Your objective — Repeat, line for line, only the span that opens at the "2023-2024学年浙江省" line and closes at the final line below. Skip the pictures.

** Opening Available data block **

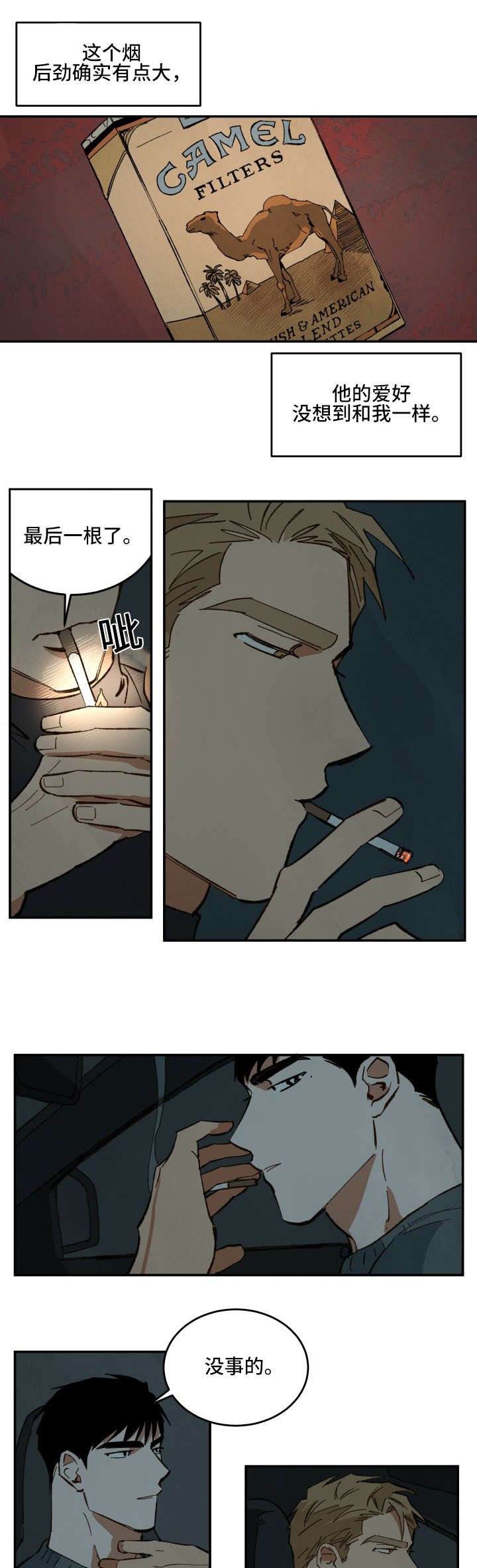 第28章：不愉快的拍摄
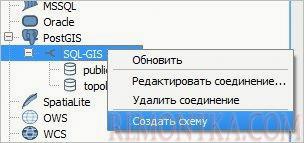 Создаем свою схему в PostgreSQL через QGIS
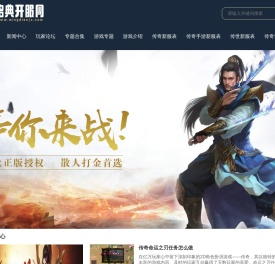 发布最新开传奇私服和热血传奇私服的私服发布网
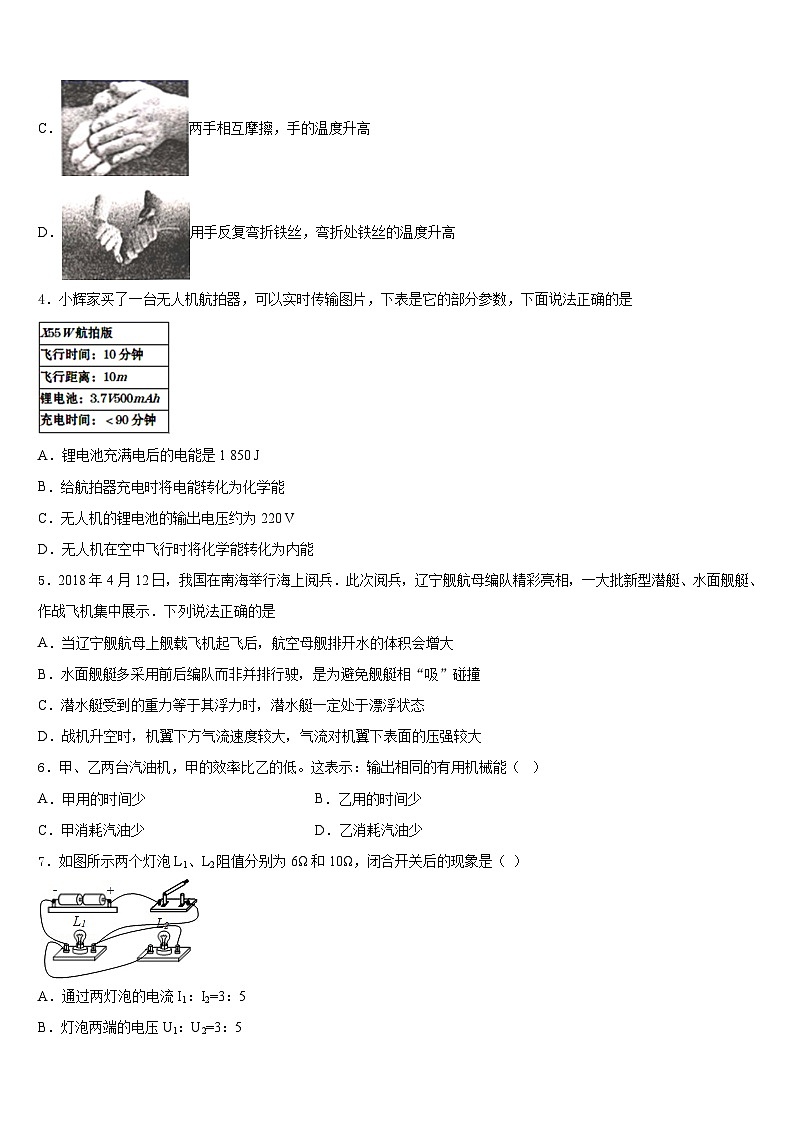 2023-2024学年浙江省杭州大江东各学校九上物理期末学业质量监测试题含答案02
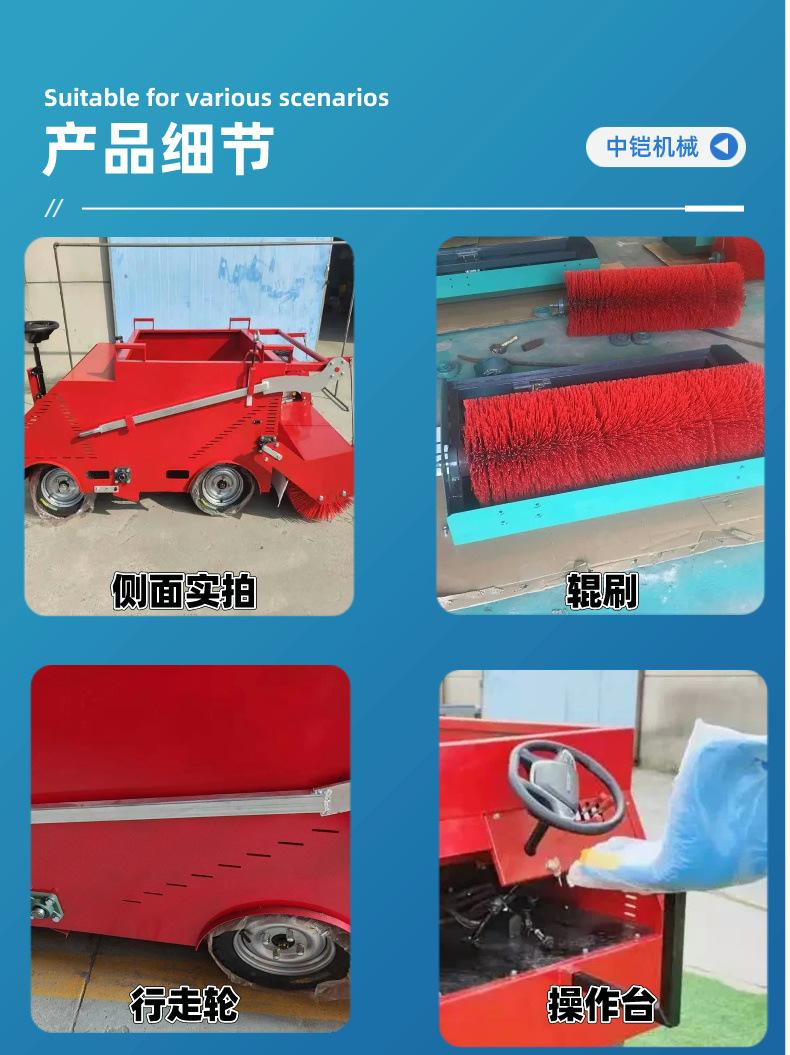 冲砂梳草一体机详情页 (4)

** Closing Available data block **

Written answer —
 2023-2024学年浙江省杭州大江东各学校九上物理期末学业质量监测试题含答案02
 冲砂梳草一体机详情页 (4)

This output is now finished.